Mechanisms of Progression
The loss of filtration rate in chronic kidney
disorders is a consequence of progressive
glomerulosclerosis, tubulointerstitial fibrosis, and
vascular sclerosis. Glomerulosclerosis has been
attributed to immunological (glomerulonephritis),
haemodynamic (hypertension), or metabolic (diabetes
mellitus) insults leading to glomerular endothelial
injury.
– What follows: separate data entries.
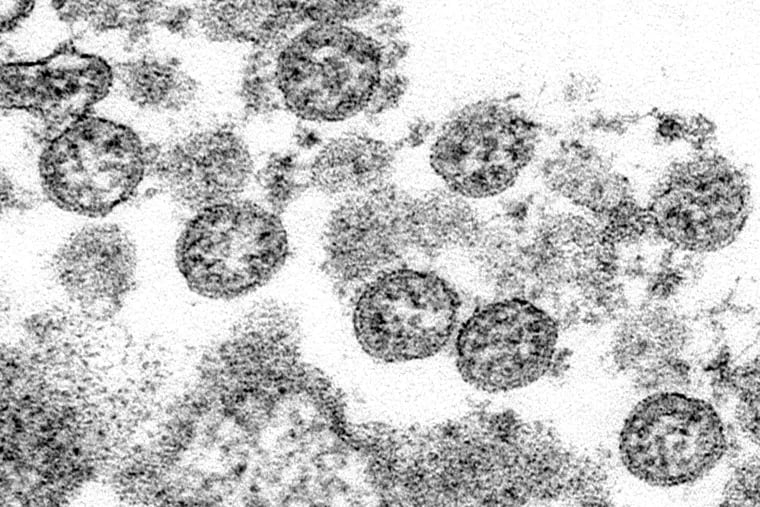 This 2020 electron microscope image made available by the U.S. Centers for Disease Control and Prevention shows the spherical coronavirus particles from what was believed to be the first U.S. case of COVID-19.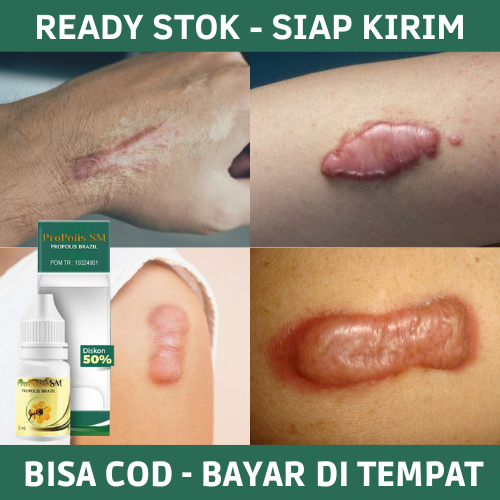 Obat Keloid, Obat Keloid Daging Tumbuh, Obat Keloid Menahun, Obat Penghilang Keloid Daging Tumbuh, O
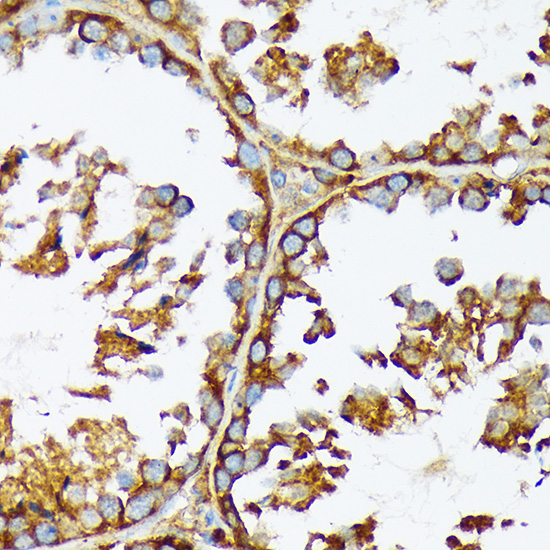 ACC1 Rabbit monoclonal antibody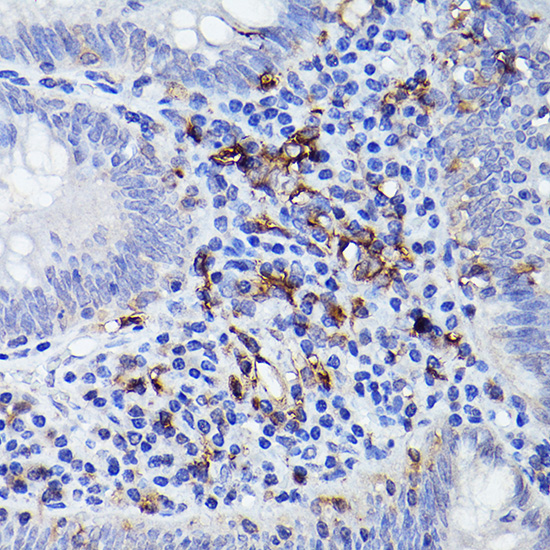 HLA-DQB1 Rabbit polyclonal antibody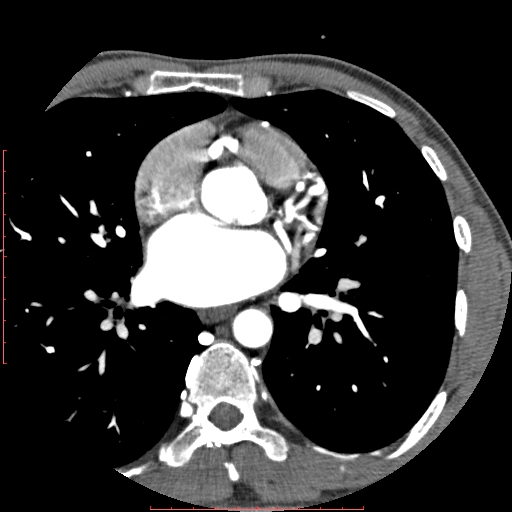File:Anomalous left coronary artery from the pulmonary artery (ALCAPA) (Radiopaedia 70148-80181 A 126).jpg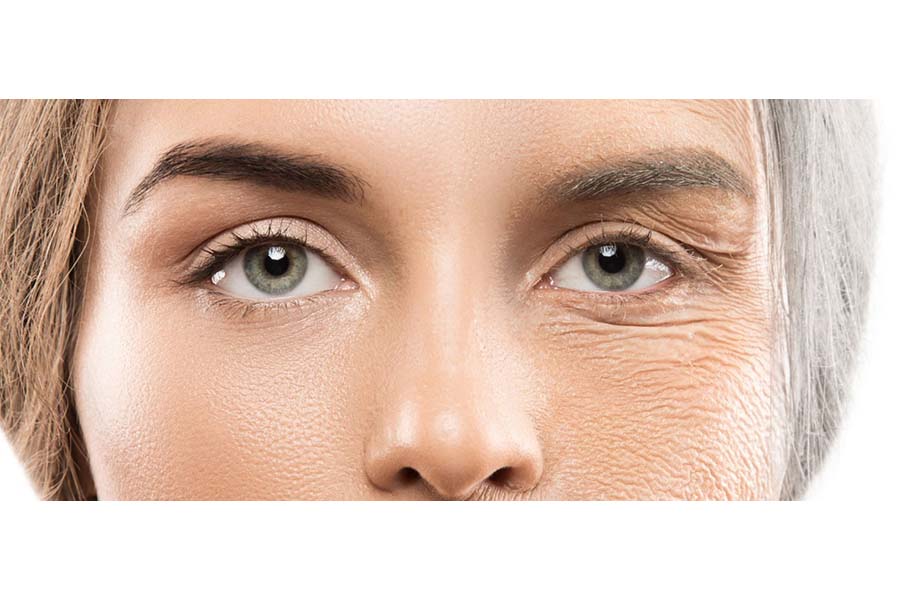 چگونه پیری پوست را به تاخیر بیندازیم؟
In surviving ('remnant') glomeruli, a
compensatory increase in intraglomerular capillary
pressure (glomerular hypertension) results from a
disproportionate afferent arteriolar vasodilatation
and the loss of autoregulation, exposing them to
systemic hypertension that in turn is associated
with endothelial damage. Injury to the glomerular
endothelium favours platelet adhesion, aggregation,
and the formation of glomerular microthrombi,
allowing the transudation of macromolecules,
including lipids and growth factors, into the
glomerular mesangium. These stimulate mesangial
proliferation and the increased synthesis of
extracellular collagenous matrix.
Tubulointerstitial scarring
There is a correlation between the severity of
tubulointerstitial scarring and GFR. Tubulointerstitial
inflammation and widespread interstitial fibrosis are markers of
a worse outcome in kidney disease: these are characterized by
inadequate healing with excessive collagen deposition and
involve interactions between kidney tubular cells, inflammatory
cells, and resident fibroblasts through the release of cytokines
and growth promoters.
Vascular sclerosis
The extent and severity of kidney vascular changes (arterial and
arteriolar) is also relevant to outcome. Although hyalinosis of
smaller kidney vessels is common in patients of all ages with
chronic kidney disease, severe arteriolar hyalinosis is often
seen in the kidney tissue of patients with chronic nephropathies
in the absence of significant systemic hypertension. Moreover,
the everity of these vascular changes is greater than that seen
in patients with essential hypertension. This arteriolar
hyalinosis further jeopardizes the glomerular and tubular blood
supply, causing ischaemic injury and further scarring.